▶ **Data supplied**:
*** Begin section ***
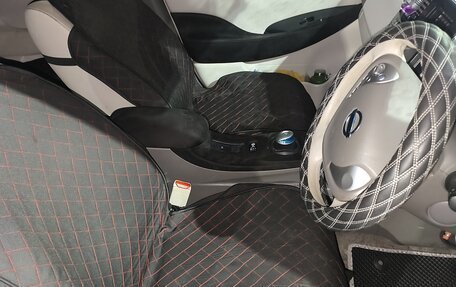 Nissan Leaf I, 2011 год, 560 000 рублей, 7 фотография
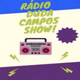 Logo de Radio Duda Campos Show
*** End section ***
*** Begin section ***
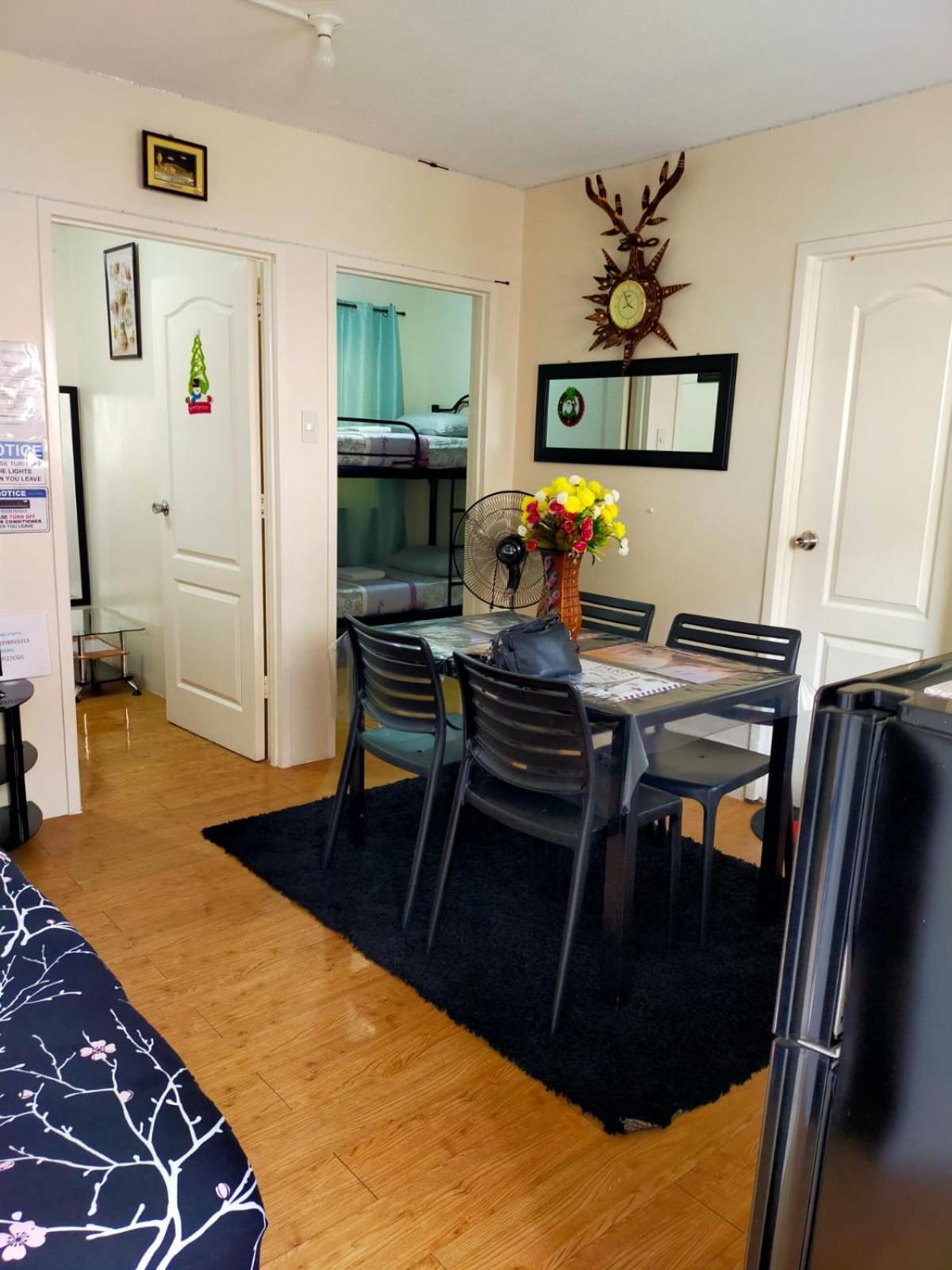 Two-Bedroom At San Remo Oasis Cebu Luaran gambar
*** End section ***
▶ **What needs to be done**: The material above holds pictures; leave them out. Repeat exactly the lines from the one containing "Nissan Leaf I, 2011" through the one containing "Logo de Radio Duda Campos Show", and nothing else.

▶ **Completed task**:
 Nissan Leaf I, 2011 год, 560 000 рублей, 7 фотография
 Logo de Radio Duda Campos Show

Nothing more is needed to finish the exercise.